Il est parfois instructif de s’en remettre à l’autorité d’un dictionnaire pour gagner en précision, ou pour donner à un terme aussi familier que celui-ci une ouverture inattendue. Ici, on relèvera que la fatigue, pourtant génératrice d’une abondante littérature ces dernières années, circulerait « sans raison apparente » dans la société – comme un mal ambiant qui accable les personnes sans que l’on sache vraiment pourquoi, ni comment. L’historien Georges Vigarello, plus pointilleux dans son analyse du phénomène, s’est lui risqué à produire quelques explications : « le poids du surmenage, l’ubiquité des milieux techniques, la sur-accélération, la pression d’engins toujours renouvelés, l’informatisation du monde, la mode généralisée de l’instantané et de l’hyper-connexion » (1), tout cela concourrait donc à faire grandir cet état de mal-être omniprésent dans le monde actuel. Rien qui ne serait pourtant littéralement synonyme d’épuisement physique, ou qui toucherait directement aux limites de ce qu’un corps peut fournir comme énergie pour assurer sa propre survie. C’est que, nous dit-on également, on parle ici d’un autre type de fatigue : une fatigue contemporaine, qui n’est « plus la fatigue physique venant envahir le mental au point de le hanter, mais la fatigue psychologique venant envahir le physique au point de le briser. » (2)

Reprenons. Je suis fatigué, vous êtes fatigué·e·s. Les invocations pour ce fameux « monde d’après », qui serait aussi celui d’un autre rapport aux ressources (vivantes ou planétaires), ne sont pour l’instant que des chimères.
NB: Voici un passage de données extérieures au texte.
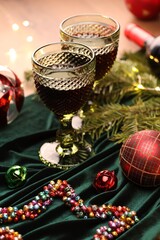 Glasses with red wine and beautiful Christmas decor on table, closeup
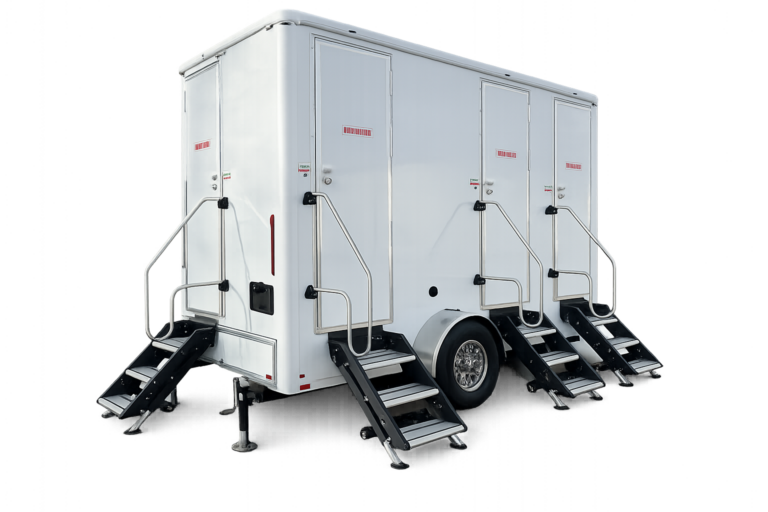 White portable restroom trailer rental in Omaha with three separate restroom doors, black stair steps, and metal handrails on a towable trailer base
Le monde qui est le nôtre pèse toujours sur la somme de nos épuisements respectifs en même temps qu’il les alimente continuellement de nouvelles causes. De ces sentiments d’usure, nous ne formulons pas toujours de conscience très nette, mais parfois celle-ci vient frapper à la porte des nerfs, des muscles, de toute la belle mécanique humaine pour rappeler que cette condition n’est pas seulement passagère, mais qu’elle est consubstantielle des réalités néolibérales que l’on partage. Son installation en nous provoque des sensations mêlées d’impuissance, de perte des moyens ou d’abattement profond qui se signalent d’autant mieux que la vie, autour, semble maintenir sa cadence régulière. Le philosophe Byung-Chul Han a qualifié la société d’aujourd’hui en tant que société de la performance, où les sujets affichent de manière indistincte un excès de positivité (3) conduisant à différentes formes d’auto-exploitation. Le burn-out, forme paroxystique de la fatigue mentale, apparaît alors comme « la conséquence pathologique d’une exploitation volontaire de soi-même. » (4) Jusqu’à présent restreinte à la sphère du travail, et depuis peu identifiée en français sous le terme d’« épuisement professionnel », cette souffrance étend désormais sa logique perverse dans différentes strates du monde social, dominées par des stratégies d’hyper-sollicitation et de captation des attentions. (5)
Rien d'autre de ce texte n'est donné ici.